Pensar em pessoas desalmadas andando por aí nos faz refletir sobre a forma como estamos conduzindo nossas vidas e como muitas vezes nos desconectamos tanto de nós mesmos
“Se alguém pudesse nos olhar do alto, veria que o mundo está repleto de pessoas que andam apressadas, suadas e exaustas e também veria suas almas atrasadas e perdidas no caminho por não conseguirem acompanhar seus donos”.
Assim fala uma personagem do recém-lançado livro infantil “A Alma Perdida”, escrito por Olga Takarczuk, Nobel de Literatura de 2018. A autora utiliza a palavra alma para expressar algo que nós, analistas junguianos, conhecemos como anima, ou o que dá vida, o que anima.

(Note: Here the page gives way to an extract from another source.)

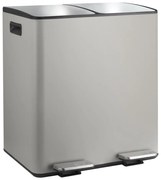 Cestino per la spazzatura grigio tortora in acciaio per raccolta differenziata/con pedale 2x20 l Aliya – Spirella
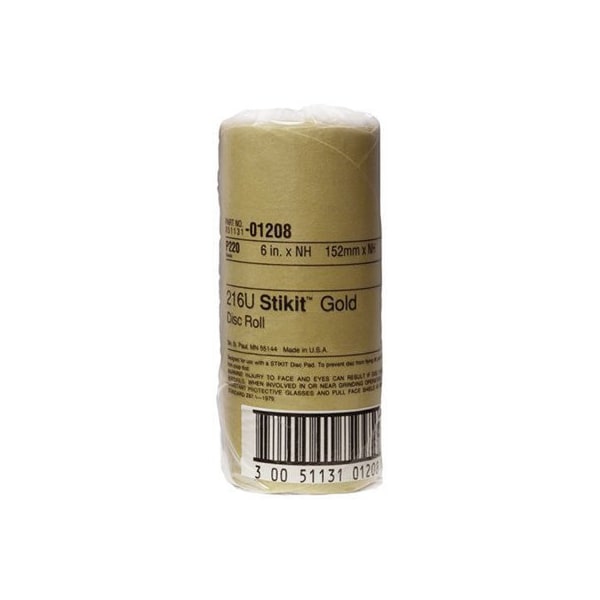 Rollo de Discos Stikit Gold de 3M, 01208, 6 pulgadas, P220A5, paquete de 75 - 7000119706.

Ora, pensar em pessoas desalmadas andando por aí nos faz refletir sobre a forma como estamos conduzindo nossas vidas e como muitas vezes nos desconectamos tanto de nós mesmos, que é quase como se nos faltasse o ânimo, a vida “de verdade”. No conto a explicação para o desencontro é que a alma se movimenta mais devagar que o corpo. Somos corpos andando por aí, desalmados, cumprindo nossos destinos.
Estou por um fio: o que é que está acontecendo comigo?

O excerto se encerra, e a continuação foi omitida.